After the second signaling is sent, the first receiver receives fourth signaling that indicates that the first service ceases to be sent over the first radio bearer;

Wherein the second signaling is used to trigger the fourth signaling.

7. The first node according to any of the claims 1 to 6, characterized in that,

The second signaling carries third information, the third information being used to indicate a radio access technology of a second service, at least one of the first subset of services and the second subset of services comprising the second service.

8. The first node according to any of claims 1 to 7, comprising:

The first receiver receives a first signaling, the first signaling indicating the first service set;

Wherein the second signaling is sent in response to receiving the first signaling; the first node is interested in the fourth service; when the fourth traffic is received over the unicast bearer, the traffic indicated by the second signaling does not include the fourth traffic; the first subset of traffic and the second subset of traffic include the fourth traffic when the fourth traffic is not received over the unicast bearer.

9. The first node according to any of claims 1 to 8, comprising:

The first receiver receiving fourth signaling indicating that a first service is stopped being transmitted over the first radio bearer; the first traffic belongs to the first subset of traffic.

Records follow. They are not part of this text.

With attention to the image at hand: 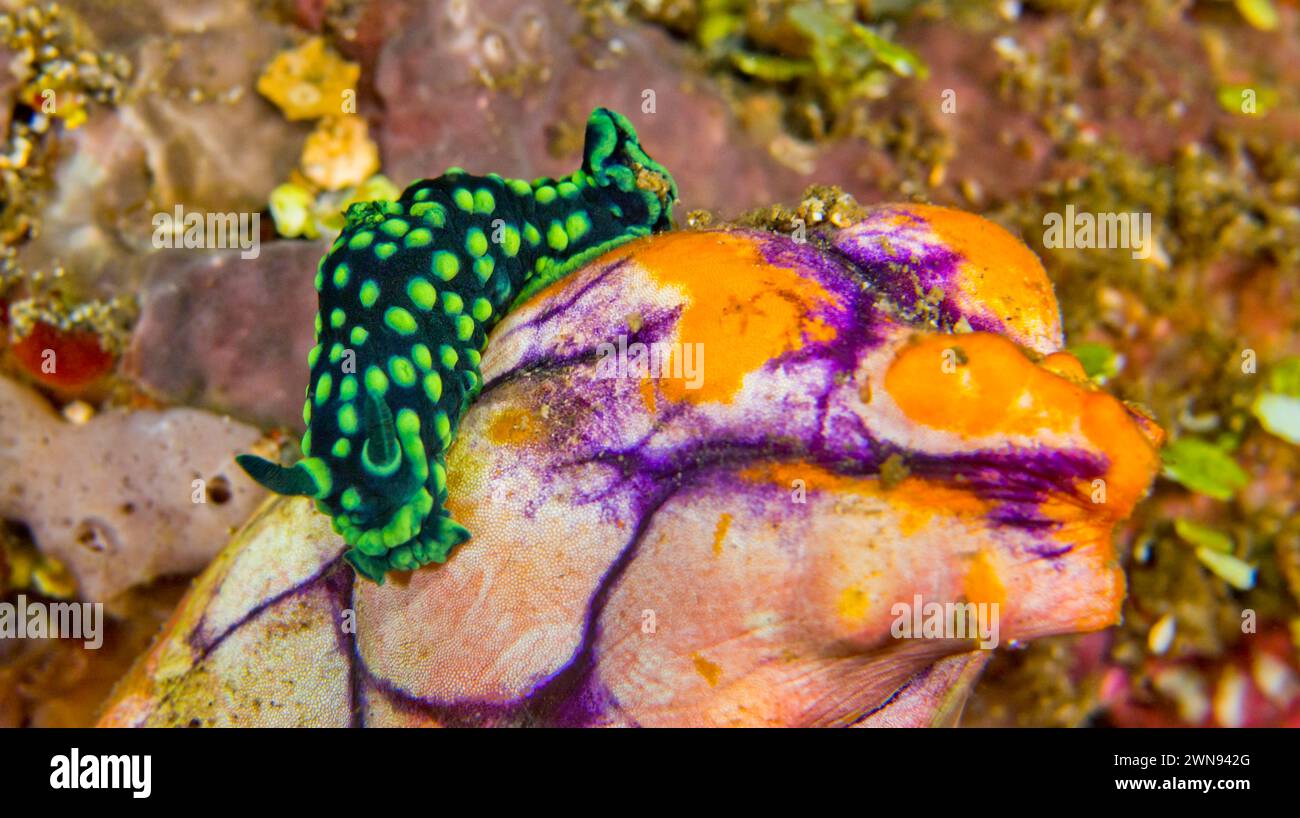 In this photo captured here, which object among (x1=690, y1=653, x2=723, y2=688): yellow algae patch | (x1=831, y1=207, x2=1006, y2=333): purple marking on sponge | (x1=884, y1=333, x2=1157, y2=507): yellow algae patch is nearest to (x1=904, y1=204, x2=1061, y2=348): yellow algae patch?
(x1=831, y1=207, x2=1006, y2=333): purple marking on sponge

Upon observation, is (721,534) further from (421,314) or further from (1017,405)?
(421,314)

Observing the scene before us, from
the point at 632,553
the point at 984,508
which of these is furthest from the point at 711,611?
the point at 984,508

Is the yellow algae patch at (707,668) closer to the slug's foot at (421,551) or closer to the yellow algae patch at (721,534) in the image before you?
the yellow algae patch at (721,534)

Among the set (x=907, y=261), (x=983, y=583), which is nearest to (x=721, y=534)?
(x=983, y=583)

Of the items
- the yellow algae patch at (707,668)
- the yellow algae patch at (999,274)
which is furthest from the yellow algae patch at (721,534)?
the yellow algae patch at (999,274)

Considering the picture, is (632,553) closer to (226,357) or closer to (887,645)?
(887,645) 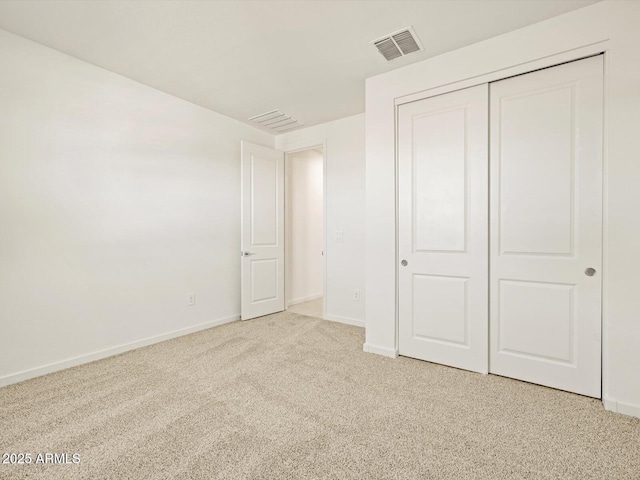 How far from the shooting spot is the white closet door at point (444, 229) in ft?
7.73

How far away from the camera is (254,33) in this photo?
2201 mm

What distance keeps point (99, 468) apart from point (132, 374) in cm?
106

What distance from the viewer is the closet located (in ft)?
6.55

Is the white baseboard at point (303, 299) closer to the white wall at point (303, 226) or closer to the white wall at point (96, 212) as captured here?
the white wall at point (303, 226)

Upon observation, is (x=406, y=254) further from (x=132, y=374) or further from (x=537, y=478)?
(x=132, y=374)

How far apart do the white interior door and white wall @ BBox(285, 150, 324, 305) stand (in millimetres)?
254

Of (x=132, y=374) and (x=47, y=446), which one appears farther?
(x=132, y=374)

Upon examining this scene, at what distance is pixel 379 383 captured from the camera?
7.21 feet

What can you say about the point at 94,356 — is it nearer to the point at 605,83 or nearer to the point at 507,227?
the point at 507,227

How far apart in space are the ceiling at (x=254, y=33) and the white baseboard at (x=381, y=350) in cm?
253

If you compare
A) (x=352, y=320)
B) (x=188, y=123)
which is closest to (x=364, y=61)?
(x=188, y=123)

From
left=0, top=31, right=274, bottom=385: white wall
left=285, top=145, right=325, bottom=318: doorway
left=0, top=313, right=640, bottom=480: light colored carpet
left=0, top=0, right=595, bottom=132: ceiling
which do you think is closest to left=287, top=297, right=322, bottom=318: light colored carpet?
left=285, top=145, right=325, bottom=318: doorway

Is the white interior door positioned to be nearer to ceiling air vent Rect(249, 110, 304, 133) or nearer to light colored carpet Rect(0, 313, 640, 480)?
ceiling air vent Rect(249, 110, 304, 133)

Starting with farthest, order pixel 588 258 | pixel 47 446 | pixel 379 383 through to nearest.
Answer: pixel 379 383, pixel 588 258, pixel 47 446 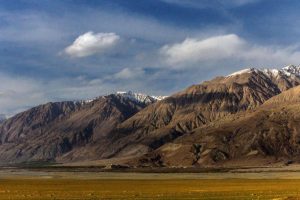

10. A method in a first node for wireless communication, comprising:

Determining a first service set, wherein the services included in the first service set are non-unicast services; the first service set includes MBS (multicast-broadcast services) services;

Transmitting second signaling indicating interest in the first subset of traffic and the second subset of traffic; the first service subset and the second service subset both belong to the first service set;

receiving a third signaling and a first set of data units, the third signaling configuring a first radio bearer, the third signaling being unicast, the first set of data units being received over the first radio bearer; the first radio bearer is a DRB;

The first data unit set belongs to the service in the first service set; the third signaling includes RadioBearerConfig;

Wherein the first subset of traffic is related to a non-unicast bearer and the second subset of traffic is related to a unicast bearer; the second signaling is higher layer signaling; the first subset of traffic is equal to the second subset of traffic.